Anarchism
Anarchism and anarchists and anything associated with the thinking, the people, or the history generally get a raw deal from the media and even mainstream historians. It is true that anarchism is profoundly anti-authoritarian, but its popular association with violence (wild-eyed bearded men throwing bombs) is exaggerated, even fictionalized by the very forces threatened by it, namely governments and the media with vested interests in things as they are.
As with any subversive political and economic movement, some proponents became impatient and felt justified in striking out in vengeance or justice. Thus you have Alexander Berkman and his attempted assassination of Pennsylvanian Henry Clay Frick in 1892 and Leon Czolgosz and his successful assassination of President William McKinley in 1901. Berkman, however, served his time in jail, wrote a deep and insightful account of his experience and went on to write more worthwhile books on the subject which possessed his life. (Czolgosz did not have that opportunity, being executed forty-five days after the death of his victim.)
Anarchism survived its dramatic beginnings in the 19th Century, however, and interested readers can find its articulate concern with agricultural reform, labor rights, and prophetic worries about the growth of the surveillance state in many excellent books. Here you will find books and a superb documentary on Sacco and Vanzetti (as well as Woody Guthrie's cd of his investigation into the miscarriage of justice). Here you will find histories, biographies, anthologies, memoirs, and fiction. It is a rich tradition, relevant to this day and to the future.
A Long and Patient Work: The Anarchist Socialism of L'Agitazione 1897-1898 [The Complete Works of Malatesta volume 3]
A Long and Patient Work: The Anarchist Socialism of L'Agitazione 1897-1898 [The Complete Works of Malatesta volume 3]
The first in AK Press’s ten-volume Complete Works of Malatesta. This one (volume three chronologically) focuses on two very important years in Errico Malatesta’s life, when he returned to Italy to edit L’Agitazione, considered the most important of his many periodicals.
This volume focuses on the crucial years in Errico Malatesta’s life when he returned to Italy from his London exile to elaborate his ideas in the columns of L’Agitazione. Responding to what he saw as the unrealistic insurrectionism and isolation into which anarchism had fallen, Malatesta advocated “a long and patient work to prepare and organize the people,” through which anarchism would operate in broad daylight to entrench itself in the workers’ movement.

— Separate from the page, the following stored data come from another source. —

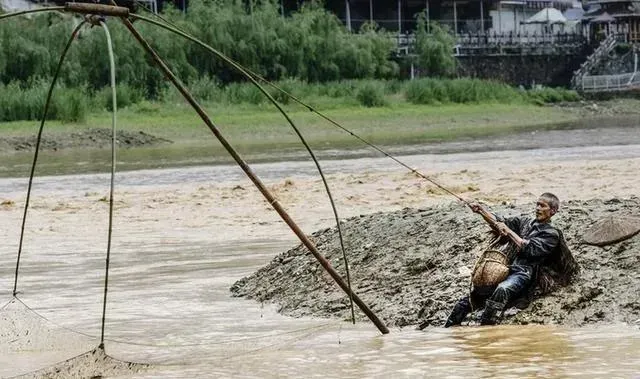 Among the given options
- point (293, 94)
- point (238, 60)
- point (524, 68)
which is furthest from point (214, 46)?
point (524, 68)

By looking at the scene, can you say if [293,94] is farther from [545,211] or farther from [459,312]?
[545,211]

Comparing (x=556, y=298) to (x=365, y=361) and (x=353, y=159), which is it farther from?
(x=353, y=159)

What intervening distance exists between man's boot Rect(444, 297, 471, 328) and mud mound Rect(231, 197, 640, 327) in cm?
26

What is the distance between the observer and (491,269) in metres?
9.57

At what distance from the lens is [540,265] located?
9.68 m

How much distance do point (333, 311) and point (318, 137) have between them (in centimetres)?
3353

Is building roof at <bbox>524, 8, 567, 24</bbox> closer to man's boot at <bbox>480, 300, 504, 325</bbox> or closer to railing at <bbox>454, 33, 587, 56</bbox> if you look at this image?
railing at <bbox>454, 33, 587, 56</bbox>

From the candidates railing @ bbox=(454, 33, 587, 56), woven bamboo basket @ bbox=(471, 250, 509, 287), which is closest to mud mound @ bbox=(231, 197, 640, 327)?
woven bamboo basket @ bbox=(471, 250, 509, 287)

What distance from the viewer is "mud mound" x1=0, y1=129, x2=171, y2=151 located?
40147mm

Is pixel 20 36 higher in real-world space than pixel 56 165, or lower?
higher

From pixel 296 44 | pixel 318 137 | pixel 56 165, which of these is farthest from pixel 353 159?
pixel 296 44

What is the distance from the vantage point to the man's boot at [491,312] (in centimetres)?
953

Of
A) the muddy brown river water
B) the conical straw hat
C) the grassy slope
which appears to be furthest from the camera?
the grassy slope

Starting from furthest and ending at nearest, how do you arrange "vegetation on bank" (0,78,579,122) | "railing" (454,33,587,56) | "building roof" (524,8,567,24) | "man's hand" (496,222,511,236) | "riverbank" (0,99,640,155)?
"building roof" (524,8,567,24), "railing" (454,33,587,56), "vegetation on bank" (0,78,579,122), "riverbank" (0,99,640,155), "man's hand" (496,222,511,236) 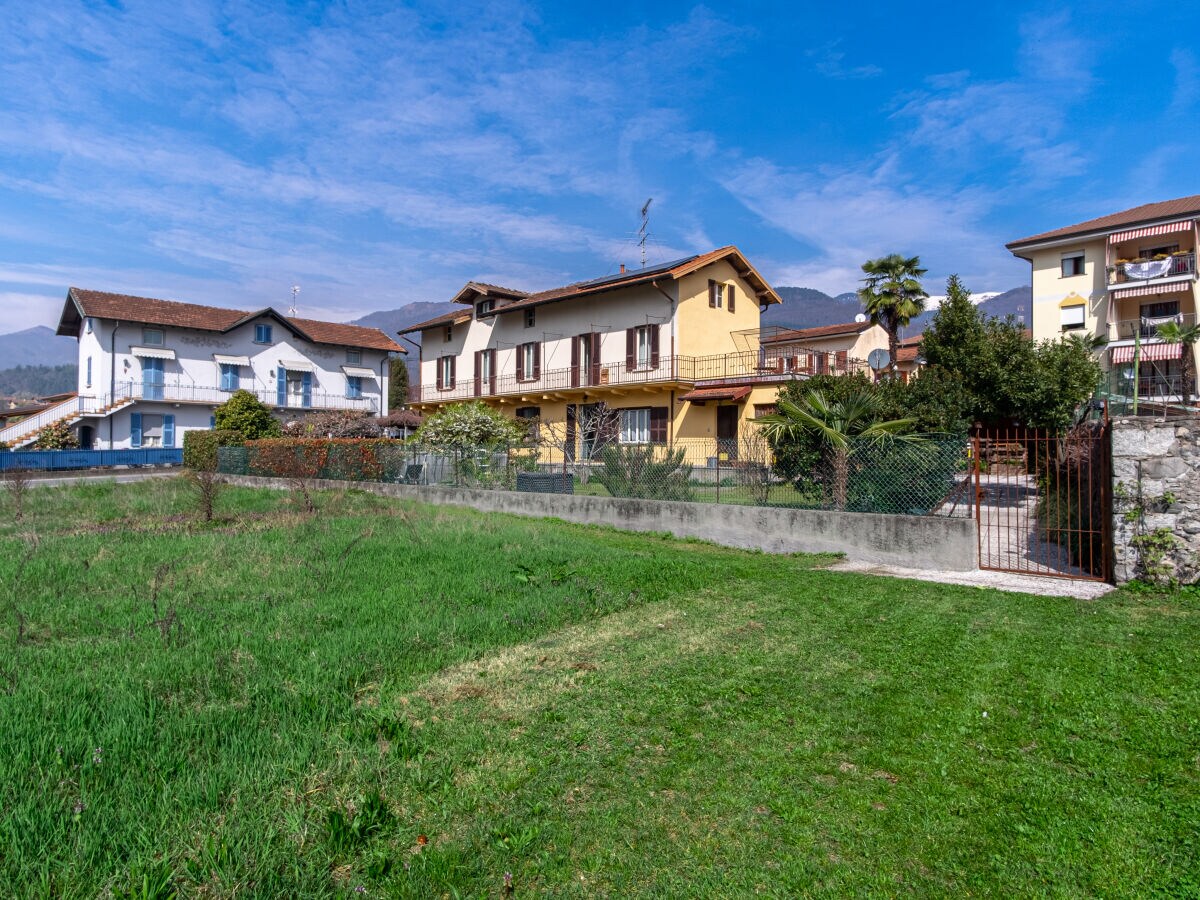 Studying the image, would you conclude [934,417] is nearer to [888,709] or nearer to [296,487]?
[888,709]

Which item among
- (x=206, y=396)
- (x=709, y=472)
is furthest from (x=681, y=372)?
(x=206, y=396)

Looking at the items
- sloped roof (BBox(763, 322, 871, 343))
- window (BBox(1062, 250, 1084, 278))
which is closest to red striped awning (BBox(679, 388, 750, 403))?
sloped roof (BBox(763, 322, 871, 343))

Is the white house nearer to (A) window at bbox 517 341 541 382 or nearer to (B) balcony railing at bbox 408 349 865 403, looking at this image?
(B) balcony railing at bbox 408 349 865 403

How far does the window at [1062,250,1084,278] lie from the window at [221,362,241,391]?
46.9m

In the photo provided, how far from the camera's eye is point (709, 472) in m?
14.0

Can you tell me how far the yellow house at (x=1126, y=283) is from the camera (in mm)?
33188

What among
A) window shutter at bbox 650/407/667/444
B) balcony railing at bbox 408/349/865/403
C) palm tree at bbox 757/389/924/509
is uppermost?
balcony railing at bbox 408/349/865/403

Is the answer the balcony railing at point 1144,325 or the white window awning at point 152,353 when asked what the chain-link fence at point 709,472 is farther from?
the balcony railing at point 1144,325

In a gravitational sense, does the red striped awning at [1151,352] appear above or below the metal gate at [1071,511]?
above

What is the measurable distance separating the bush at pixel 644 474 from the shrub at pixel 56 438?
3425cm

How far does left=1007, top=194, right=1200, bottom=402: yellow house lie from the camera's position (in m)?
33.2

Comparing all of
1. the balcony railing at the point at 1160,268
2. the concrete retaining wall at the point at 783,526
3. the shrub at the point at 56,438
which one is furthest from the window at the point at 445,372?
the balcony railing at the point at 1160,268

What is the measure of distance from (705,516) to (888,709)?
8.53 meters

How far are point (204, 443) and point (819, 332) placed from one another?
35.7 metres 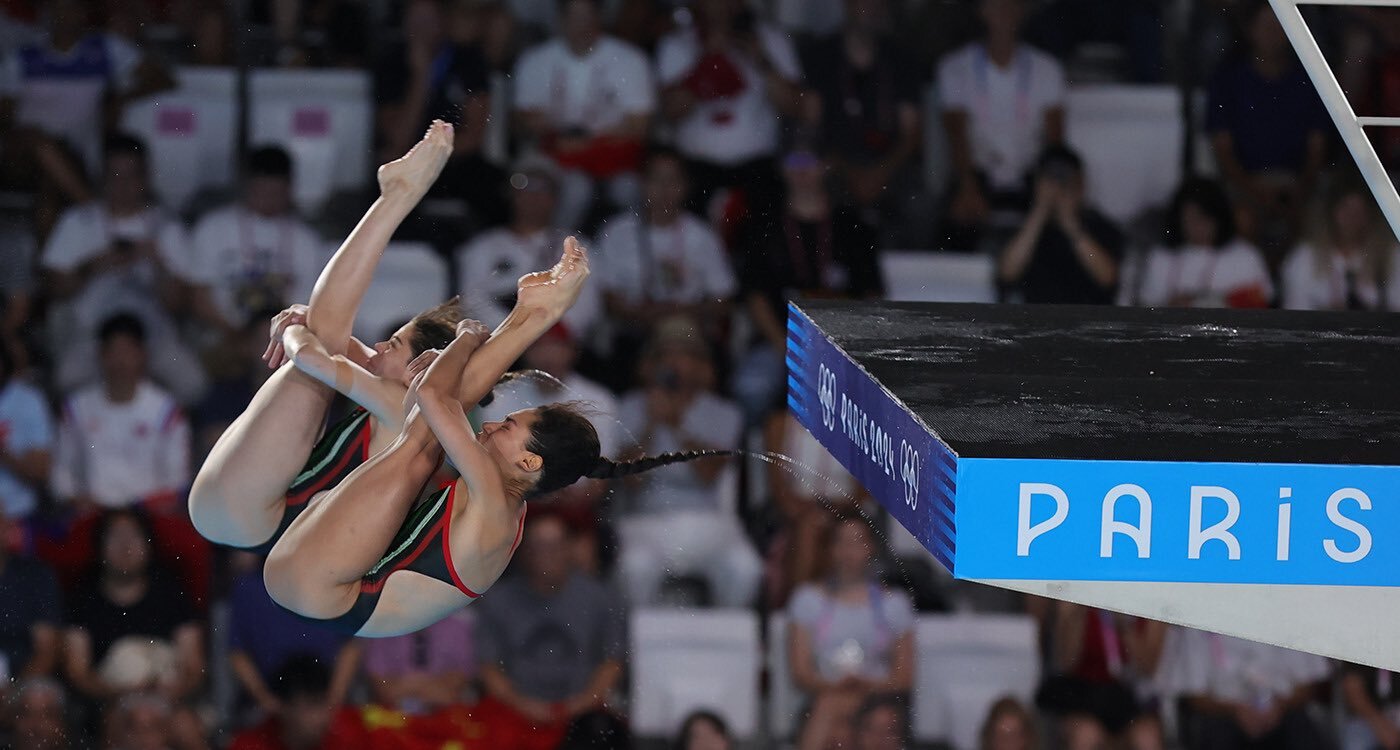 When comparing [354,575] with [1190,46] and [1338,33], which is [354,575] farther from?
[1338,33]

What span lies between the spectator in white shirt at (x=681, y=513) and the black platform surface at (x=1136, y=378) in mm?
2344

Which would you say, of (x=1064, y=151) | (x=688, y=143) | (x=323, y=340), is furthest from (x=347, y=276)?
(x=1064, y=151)

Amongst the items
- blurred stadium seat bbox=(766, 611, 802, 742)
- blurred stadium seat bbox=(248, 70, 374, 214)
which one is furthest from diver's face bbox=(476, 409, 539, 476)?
blurred stadium seat bbox=(248, 70, 374, 214)

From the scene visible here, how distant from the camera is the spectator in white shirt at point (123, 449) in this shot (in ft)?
20.0

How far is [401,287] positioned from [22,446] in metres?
1.40

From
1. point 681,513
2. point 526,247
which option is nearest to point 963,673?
point 681,513

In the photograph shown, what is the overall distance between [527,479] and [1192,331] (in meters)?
1.47

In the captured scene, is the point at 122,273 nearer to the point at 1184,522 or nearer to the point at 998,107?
the point at 998,107

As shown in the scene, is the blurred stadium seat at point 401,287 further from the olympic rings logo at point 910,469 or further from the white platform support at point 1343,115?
the white platform support at point 1343,115

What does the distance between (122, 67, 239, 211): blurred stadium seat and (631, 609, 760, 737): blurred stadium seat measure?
2429mm

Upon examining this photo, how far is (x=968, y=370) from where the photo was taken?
9.77ft

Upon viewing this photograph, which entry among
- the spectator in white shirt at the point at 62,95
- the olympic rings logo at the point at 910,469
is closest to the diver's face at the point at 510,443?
the olympic rings logo at the point at 910,469

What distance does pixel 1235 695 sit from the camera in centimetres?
629

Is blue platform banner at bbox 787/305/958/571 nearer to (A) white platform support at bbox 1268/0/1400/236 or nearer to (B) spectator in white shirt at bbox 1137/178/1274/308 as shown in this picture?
(A) white platform support at bbox 1268/0/1400/236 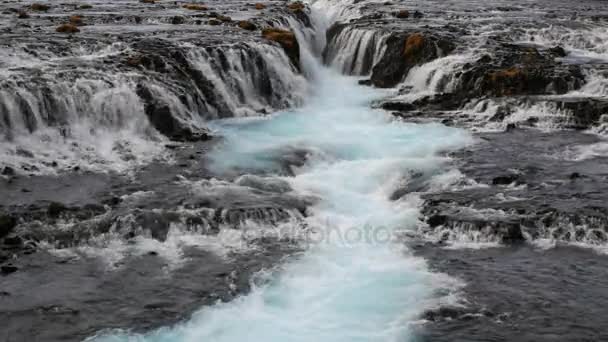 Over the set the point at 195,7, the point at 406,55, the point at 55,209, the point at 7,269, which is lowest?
the point at 7,269

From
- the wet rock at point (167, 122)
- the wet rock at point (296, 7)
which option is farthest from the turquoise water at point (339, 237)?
the wet rock at point (296, 7)

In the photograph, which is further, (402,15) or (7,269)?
(402,15)

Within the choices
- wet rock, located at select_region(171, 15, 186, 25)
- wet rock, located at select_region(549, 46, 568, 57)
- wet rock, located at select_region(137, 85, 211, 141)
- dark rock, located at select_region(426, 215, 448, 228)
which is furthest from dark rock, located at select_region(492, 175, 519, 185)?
wet rock, located at select_region(171, 15, 186, 25)

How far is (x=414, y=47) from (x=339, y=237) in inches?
679

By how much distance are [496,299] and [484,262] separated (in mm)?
1606

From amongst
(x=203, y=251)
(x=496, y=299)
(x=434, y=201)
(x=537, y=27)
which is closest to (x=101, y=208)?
(x=203, y=251)

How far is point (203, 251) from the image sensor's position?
15438 millimetres

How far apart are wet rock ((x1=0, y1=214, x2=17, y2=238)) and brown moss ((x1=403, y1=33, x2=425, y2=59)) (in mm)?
20180

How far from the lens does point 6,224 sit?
1586cm

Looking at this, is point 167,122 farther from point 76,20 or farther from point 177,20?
point 177,20

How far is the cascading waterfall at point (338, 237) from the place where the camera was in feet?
41.9

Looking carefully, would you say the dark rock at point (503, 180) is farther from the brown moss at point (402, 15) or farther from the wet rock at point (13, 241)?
the brown moss at point (402, 15)

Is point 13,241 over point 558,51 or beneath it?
beneath

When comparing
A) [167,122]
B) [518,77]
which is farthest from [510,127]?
[167,122] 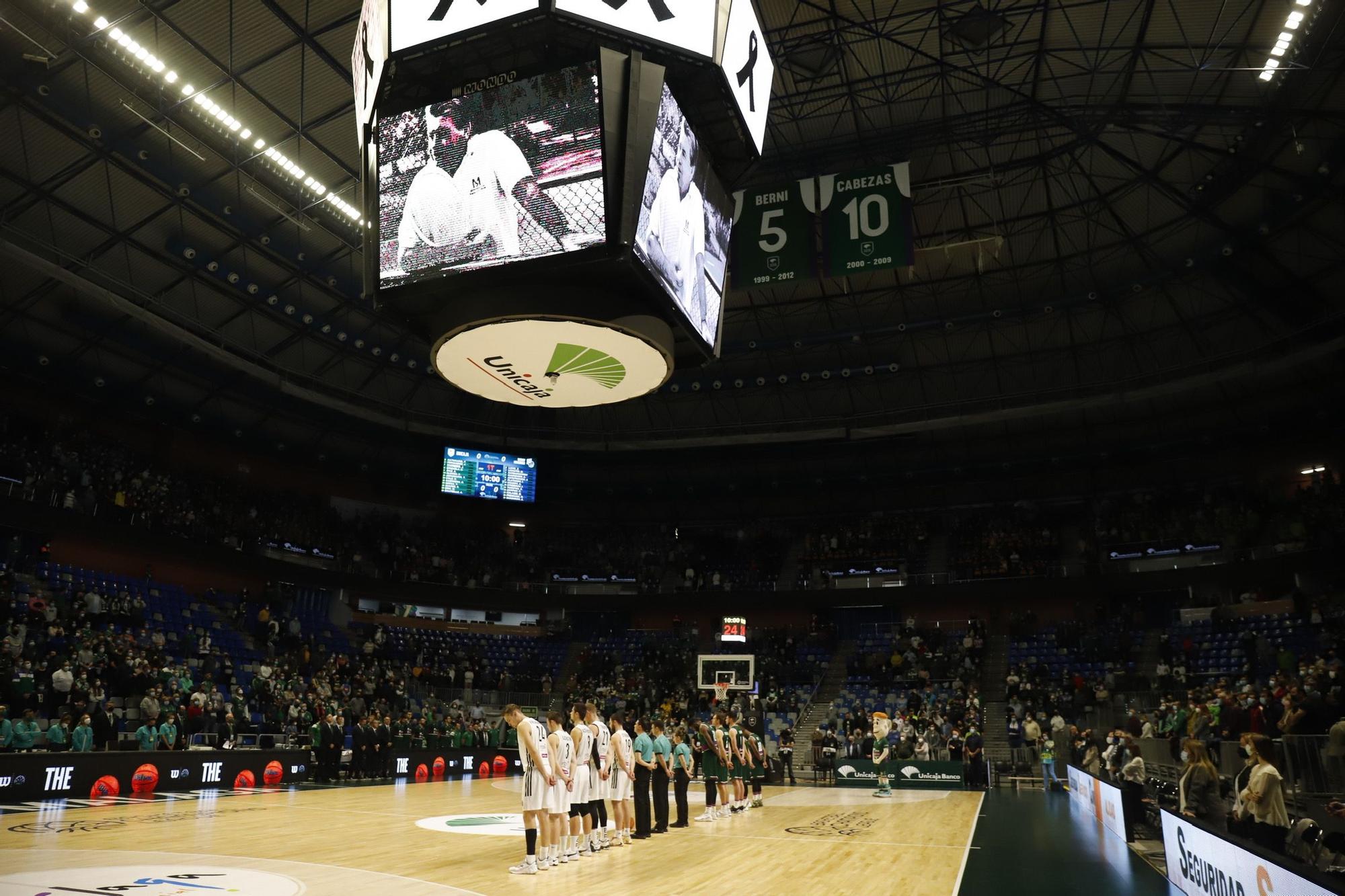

Praise for The Complete Works of Malatesta, Vol. III
“Malatesta’s crystalline prose is a continuous investigation of the workings of power and the morality of the society to be built. Reading Malatesta’s pages and studying his life are invaluable experiences.”
—Roberto Saviano, author of Gomorrah
“A remarkable work of fundamental importance.… Malatesta made a clear choice.”
—Angelo del Boca, Italian resistance fighter and co-author of Fascism Today
“Malatesta is one of the few thinkers who are really necessary in these times of surrender to power and capital. His work bears witness to an indeed long and patient struggle against the gloomy spectres of oppression.”
—Vittorio Giacopini, journalist and broadcaster
“An important, gigantic work, commensurate with the man who wrote these texts.”
—Isabelle Felici, Paul Valéry University
Errico Malatesta (1853-1932) is a principal figure of Italian and international anarchism. His sixty-year militancy, much of it spent in exile or in prison, spanned the foundation of the anarchist movement in 1872 to the eve of the Spanish Revolution. He has written “bestsellers” of anarchist literature, such as Between Peasants, Anarchy, and At the Café. However, his evolving anarchism—pragmatic, theoretically coherent, and as relevant today as it was a century ago—is best illustrated by the myriad of articles scattered in the anarchist press and collected for the first time in these Complete Works.
Davide Turcato is a historian of Italian anarchism and the author of Making Sense of Anarchism.
Paul Sharkey is one of the most well-known and highly respected translators of anarchist writings of the past thirty years. He has translated works by Kropotkin, Malatesta, Proudhon, and many more. He lives in Ireland.